The past four years were a period of relative stability in open source software. Most things just worked together nicely. But we're now entering another period of instability and upheavals. GCC 4.6.x were unusable; v4.7.2 seems to be better. Glibc 2.15-2.17 are unusable; I'm sticking with 2.14.1. More and more packages are refusing to be built by root, and burying this fact deep inside and late in the configure process. Iptables is going through another period of great change. Even OpenOffice/LibreOffice are becoming unusable; KDE *is* now unusable. There's too much being moved around and changed; it will take time for the rest of the OSS world to catch up.
Working to enhance and update a firewall distro, I know what is involved. If you leave out the kernel, binutils, gcc, glibc, udev, grub, iptables and a few other core packages and concentrate on just one 32/64 bit arch, then it might be possible to keep most of the userspace software up-to-date on a rolling basis. Maybe even the kernel could be updated a couple times a year. But it will never be possible to update *everything* on a rolling basis.
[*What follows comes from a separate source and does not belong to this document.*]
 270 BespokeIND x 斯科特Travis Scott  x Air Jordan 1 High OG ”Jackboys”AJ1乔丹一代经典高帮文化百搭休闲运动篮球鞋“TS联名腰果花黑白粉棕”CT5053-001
To put it simply, OSS instability is unpredictable. To be fair, it seems that there is a period of OSS upheaval every 4-5 years followed by 3-4 years of relative calm. If you can set a rolling release's base near the end of a 'calm period', then you might be able to ride out the storm of upheavals in the base packages while continually rolling out releases of packages that remain fairly stable.
But if 'rolling release' means to jettison the stable core/foundation, the product will end up about as stable as an ark in a hurricane.
Remember: users want systems that work, systems that have fairly stable interfaces. They don't want to relearn how to use their computers as tools every few months or years. Poorly planned rolling releases will put people on the roller coaster of heavy seas when they *really* want to be in their cozy offices using their computers as tools to make money.